Faculty Member, Arts and Media Technologies
Professor of Creative Media and Head of Photography and Creative Media
University of Bolton
About
Tara Brabazon is the Professor of Creative Media and Head of Photography and Creative Media at the University of Bolton, Fellow of the Royal Society for the encouragement of Arts, Manufactures & Commerce (RSA) and Director of the Popular Culture Collective. Previously, Tara has held academic positions in Australia, Aotearoa/New Zealand and Canada. She has won six teaching awards, including the National Teaching Award for the Humanities, along with other awards for disability education and cultural studies. In 2005, Tara won both the Murdoch University Postgraduate Supervisor of the Year and the Teaching Excellence Award. In 2009, she won the Teaching Excellence Award at the University of Brighton for both undergraduate and postgraduate education.
Tara holds three Bachelor degrees: a first class honours in History, alongside qualifications in Literature and Communication and Professional Education (passed with distinction). She also has three Masters Degrees: a Research Masters in history (passed with distinction), a Master of Letters in Cultural Studies and a Masters of Education (with first class honours). She also holds a Doctor of Philosophy. At the end of 2001, she gained a Graduate Diploma in Internet Studies, again attained with Distinction. She is currently working on her higher doctorate, a Doctor of Letters, from the University of Western Australia.
She is the author of eleven books: Tracking the Jack - A retracing of the Antipodes (Sydney: University of New South Wales Press, 2000), Ladies who Lunge: Celebrating Difficult Women (Sydney: University of New South Wales Press, 2002), Digital Hemlock: Internet education and the poisoning of teaching (Sydney: University of New South Wales Press, 2002), Liverpool of the South Seas: Perth and its popular music (Perth: UWA Press, 2005), From Revolution to Revelation: Generation X, popular memory, cultural studies (Aldershot: Ashgate, 2005), Playing on the periphery: sport, identity and memory (London: Routledge, 2006), The University of Google: education in the (post) information age (Aldershot: Ashgate, 2007), The revolution will not be downloaded: dissent in the digital age (Oxford: Chandos, 2008), Thinking Popular Culture: war, writing and terrorism (Aldershot: Ashgate, 2008,) Popular Music: Topics, trends and trajectories (London: Sage, 2011) and Digital Dialogues and Community 2.0: After Avatars, Trolls and Puppets (Oxford: Chandos, 2012).

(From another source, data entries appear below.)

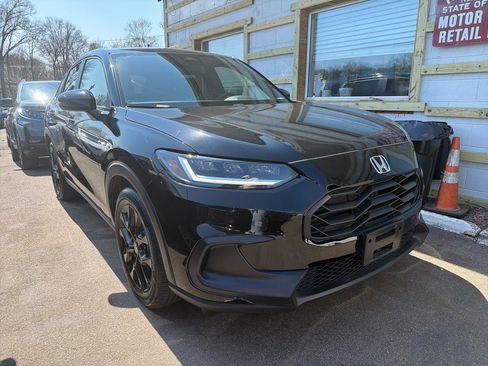 Used 2024 Honda HR-V Sport image 3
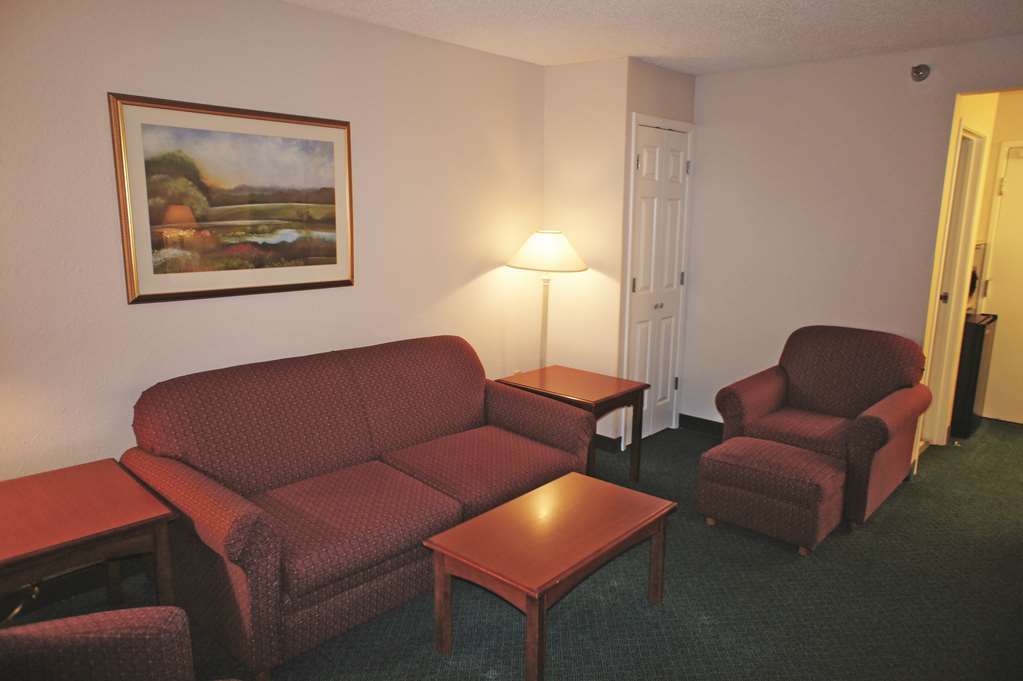 Wingate By Wyndham Brunswick Ga I-95 Hotell Rom bilde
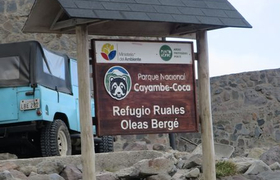 Hinweisschild der Berghütte auf dem Cayambe in Ecuador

A series of books are in differing stages of the publication cycle. She has completed a book on information literacy, titled Digital Dieting: Managing Information Obesity, which is currently under review. An edited collection, City Imaging: Regeneration, Renewal, Decline is similarly under review. Tara is in the final stages of completing What would Brian Eno do? Sonic Media for New Times and is writing Understanding Cultural Studies for Sage through 2012.
Tara is author of over one hundred refereed articles and book chapters, alongside journalistic works, including for the Times Higher Education and Sri Lanka's Montage magazine in The Observer. Tara is also the Director of the Popular Culture Collective.
Community and public service remains integral to Tara’s portfolio of interests. This commitment to public education and media literacy resulted in Tara being a finalist for the 2005 Australian of the Year and the 2005 Telstra Businesswoman of the Year in the Community Service category. In 2009, Tara was nominated for the Australian Woman of the Year in the UK.